No one is surprised by vintage cigarette ads that blatantly deny the health hazards of smoking, but this ad goes as far as to market the cigarette as an effective diet supplement for losing weight.
A Spoon Full of Sugar Helps the Scale Needle Go Down?
Right up there with the slimming cigarettes ad is this ad marketing sugar as a stimulating dietary supplement.
This ad reveals how cultural and evolving our society’s concept of ideal body shape and size is. Ionized Yeast was marketed to help skinny girls gain more voluptuous figures.
Beauty Ad Marketed at Men
Although the beauty and weight loss industry primarily marketed to a female demographic, this ad reveals that men were not immune to the promise of miraculous body transformations. Now a days, men make up a large portion of the people who get laser hair removal, botox, and non-invasive body contouring.

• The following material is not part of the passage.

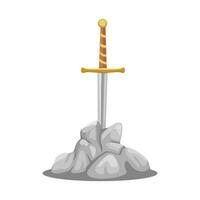 Roi Arthur Excalibur épée sur pierre symbole dessin animé illustration vecteur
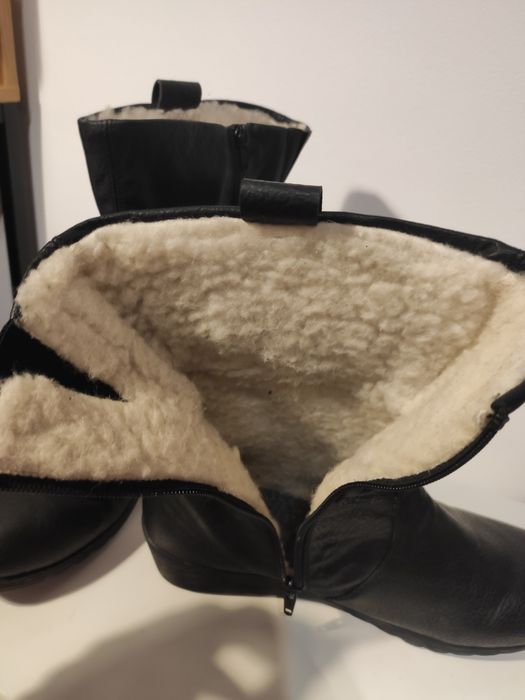 Botki zimowe ocieplane RIEKER 41 42 skóra naturalna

Vintage Double Chin Reducer
This early 20th century ad marketed this contraception for the reduction of the double chin. The beauty industry would be inundated with numerous contraptions that claimed to get rid of the double chin. None of them worked. Fortunately, in 2015, the FDA cleared a non-invasive treatment to reduce a double chin, with clinical studies establishing the revolutionary device to be effective and safe.
Hey Mom, Maintain Your Slim Figure with Meth
Following WWII amphetamine was commonly prescribed for weight loss. And while taking the drug did help stay at home moms stay slim, saying they stayed fit and healthy would definitely be pushing it.
Sweat Your Fat Away
When a fitness expert tells you that the only way to get rid of fat is through work and sweat, they are probably not referring to the full body sauna suit. While this suit probably tipped the scale from pounds of lost water weight. The instant dehydrator proved to be an ineffectual way to melt away fat.
Zap Your Fat…Literally.
Nowadays, advanced technology has produced safe and effective non-invasive fat reduction treatments where you really can lay back, and have your fat frozen or melted.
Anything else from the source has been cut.